Devotion • October 27

Friday, October 27, 2023  


Today’s Scripture Reading 
Matthew 12:22–32

Then they brought to him a demoniac who was blind and mute; and he cured him, so that the one who had been mute could speak and see. All the crowds were amazed and said, “Can this be the Son of David?” But when the Pharisees heard it, they said, “It is only by Beelzebul, the ruler of the demons, that this fellow casts out the demons.” He knew what they were thinking and said to them, “Every kingdom divided against itself is laid waste, and no city or house divided against itself will stand. If Satan casts out Satan, he is divided against himself; how then will his kingdom stand?

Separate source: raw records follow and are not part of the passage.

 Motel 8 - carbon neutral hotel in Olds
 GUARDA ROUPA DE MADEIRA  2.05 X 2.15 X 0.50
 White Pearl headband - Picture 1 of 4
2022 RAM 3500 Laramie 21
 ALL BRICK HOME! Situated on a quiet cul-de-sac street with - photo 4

If I cast out demons by Beelzebul, by whom do your own exorcists cast them out? Therefore they will be your judges. But if it is by the Spirit of God that I cast out demons, then the kingdom of God has come to you. Or how can one enter a strong man’s house and plunder his property, without first tying up the strong man? Then indeed the house can be plundered. Whoever is not with me is against me, and whoever does not gather with me scatters. Therefore I tell you, people will be forgiven for every sin and blasphemy, but blasphemy against the Spirit will not be forgiven. Whoever speaks a word against the Son of Man will be forgiven, but whoever speaks against the Holy Spirit will not be forgiven, either in this age or in the age to come. (NRSV)


Reflection

The Pharisees lost in their attempts to demonize Jesus, the one sent by the Spirit of God to liberate a man from his own debilitating demons (and humankind from ours). These religious leaders’ antipathy over Jesus’ exorcizing power and, perhaps even more threateningly, effectiveness in captivating the crowds, was not of God. Their knee-jerk intellectual clumsiness in attributing Jesus’ power to the embodiment of Beelzebub is called out by Jesus for its obvious lack of logic that betrayed their seething underbelly of resentment (“if I cast out demons by Beelzebub, by whom do your own exorcists cast them out?”).

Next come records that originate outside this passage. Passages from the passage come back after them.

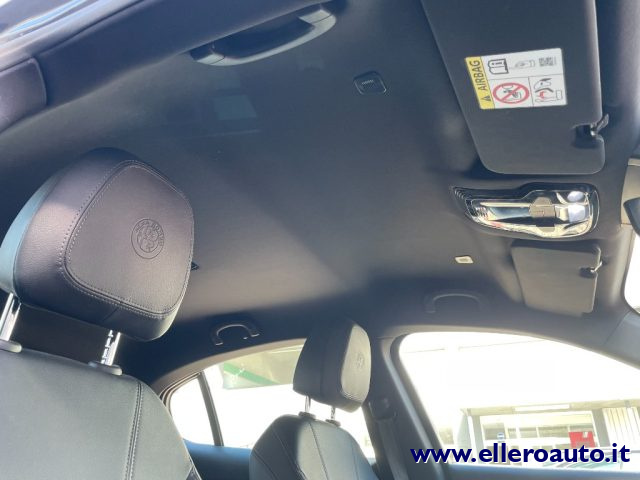 ALFA ROMEO Stelvio usata, con Sedili sportivi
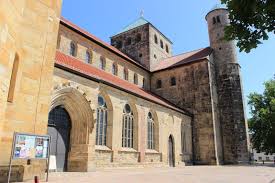 Sie war bis zur reformation die abteikirche der gleic. Geschichtstouren Hildesheim St Michaelis
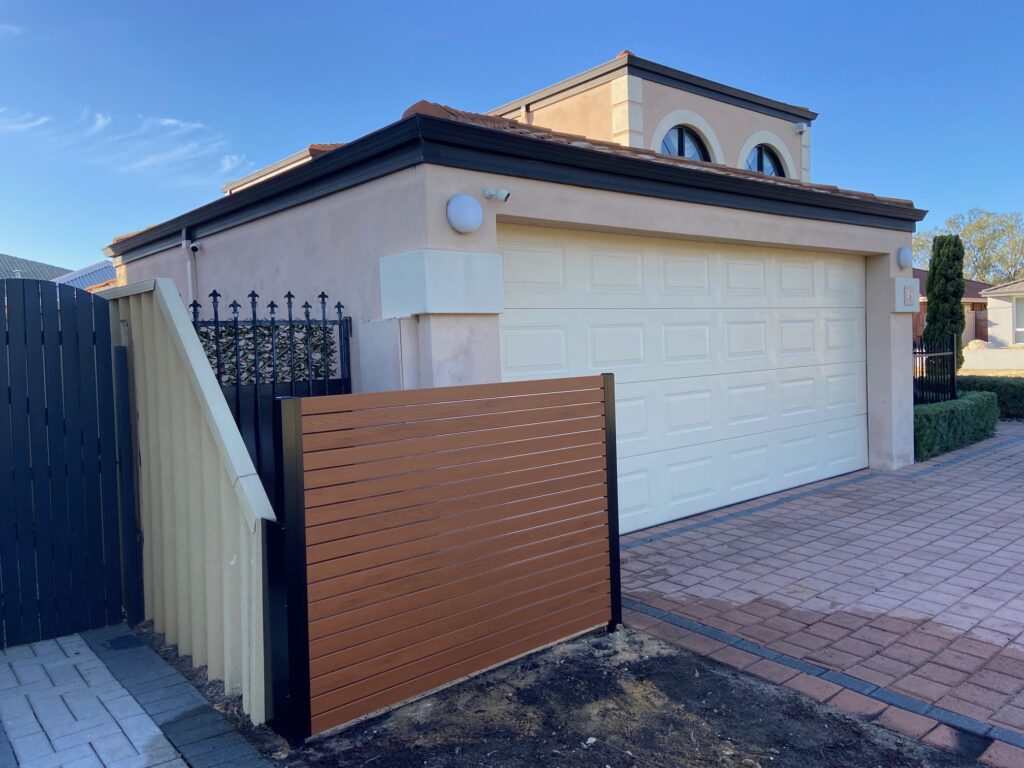 Aluminium Woodgrain Slat Gate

What was at stake, however, was far more than just their dismissive attitude: the blasphemy of denying the in-breaking of the kingdom of God, demonstrated through Jesus as an agent of the Holy Spirit’s redeeming power, threatened to separate them, eternally, from God’s forgiving grace. What Jesus asserts, so to speak, is that in coming for “the bull,” they risk getting “the horns.”

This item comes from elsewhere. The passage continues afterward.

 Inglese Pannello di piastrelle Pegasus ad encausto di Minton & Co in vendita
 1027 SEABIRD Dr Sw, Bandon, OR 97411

As much as we’d wish otherwise, too often, we “Pharisees” are inclined to “block our blessings.” If not our own, then we frequently discount or dismiss the work of the divine in the stories and experiences of others. Perhaps out of fear of losing our own fragile senses of power and control over life’s circumstances, we run the risk of ignoring or discounting what God is manifesting in our midst. Let us instead stand with the crowds to behold the wondrous power of God wherever and however it unfolds.


Prayer
O God our Liberator, free our minds so that our mouths may declare words of wonder at your power, to the glory of your realm. As we watch what we say, may we behold what you accomplish in and through us. Amen.